My 2018 in Books and Graphic Novels, Part 2 of 3

Library books!

We’ll not be covering the 108 books that my wife read in 2018, but you can glimpse a few of them in this library haul. Guess which one of these four was my selection and win no prizes!

Previously on Midlife Crisis Crossover:

Time again for the annual entry in which I remind myself how much I like reading things besides monthly comics, magazines, and self-promotion from internet users who have me muted. Despite the lack of MCC entries about my reading matter, I’m always working on at least two books at a time in my ever-diminishing reading time. I refrain from full-on book reviews because nine times out of ten I’m finishing a given work decades after the rest of the world is already done and moved on from it. I don’t always care about site traffic, but when I do, it usually means leaving some extended thoughts and opinions unwritten due to non-timeliness.

Presented over this entry and the next two is my full list of books, graphic novels, and trade collections that I finished reading in 2018, partly but not entirely in order of completion. As I whittle down the never-ending stack I’ve been stockpiling for literal decades, my long-term hope before I turn 80 is to get to the point where my reading list is more than, say, 30% new releases every year. That’s a lofty goal, but I can dream.

As with last year’s experiment, every book gets a full capsule summary apiece, because 29 years of reading Entertainment Weekly have gotten me addicted to the capsule format. The list is divided into a three-part miniseries to post on back-to-back evenings in order to ease up on the word count for busier readers. Triple bonus points to any longtime MCC readers who can tell which items I bought at which comic/entertainment conventions we attended over the past few years.

Special shout-out to our local library, source of a few of the books in this section. Also, please note the numbers don’t represent rankings. They were merely to help me count toward my grand total. On with the countdown! Some more!

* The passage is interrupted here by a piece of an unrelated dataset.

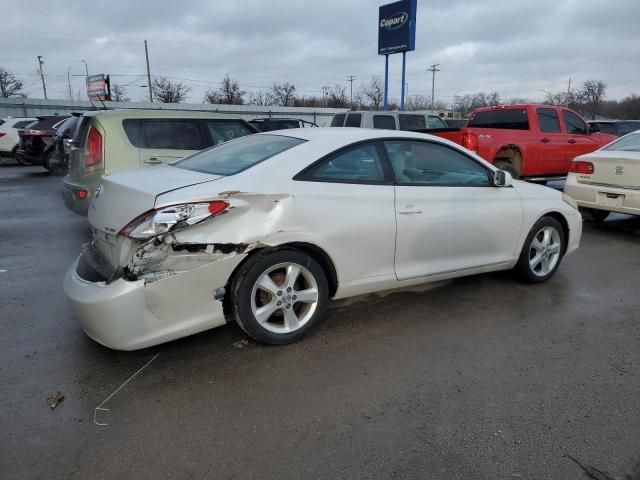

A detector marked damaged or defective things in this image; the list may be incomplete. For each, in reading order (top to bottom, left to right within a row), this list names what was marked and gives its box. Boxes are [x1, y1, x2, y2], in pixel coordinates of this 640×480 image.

21. Joe Pantoliano, Asylum: Hollywood Tales from My Great Depression: Brain Dis-Ease, Recovery, and Being My Mother’s Son. You may remember him from such films as Memento, The Matrix, The Fugitive, Daredevil, Midnight Run, and TV’s The Sopranos. The Emmy-winning character actor’s most recent memoir dives into a fair number of Hollywood anecdotes — his friendship with Robert Wagner and Natalie Wood; his fight for more screen time in The Fugitive; that time he ran and hid from a physically violent Rosie Perez during a bad Broadway experience; that other time he sneaked into a party Harvey Weinstein threw for new U.S. Senator Hillary Clinton. But the crux of the book is candidly discussing his late-life diagnoses of multiple lifelong conditions (ADHD, dyslexia, depression) that made way for a lengthy list of addictions (alcohol, painkillers, sex, shopping), all told in that distinct, inimitable voice of every character he’s ever played. Come for the acting backstory and frequent name-checking; stay for the reassurance that others like him aren’t alone out there, as expressly stated in the name of the mental-disease awareness charity he founded called No Kidding? Me Too!, which he brings up repeatedly for good reason.

22. Anthony Bourdain, Joel Rose, and Ale Garza, Get Jiro: Blood and Sushi. Origin prequel to a previous graphic novel (which I haven’t read) about an ex-Yakuza guy turned L.A. sushi chef. I bought this from the artist at a convention last year, but had planned to leave it in the reading pile until and unless I could find the first one. In light of Bourdain’s tragic death last June, I cleared my reading schedule and zipped through it anyway as my idea of a tiny, inadequate tribute.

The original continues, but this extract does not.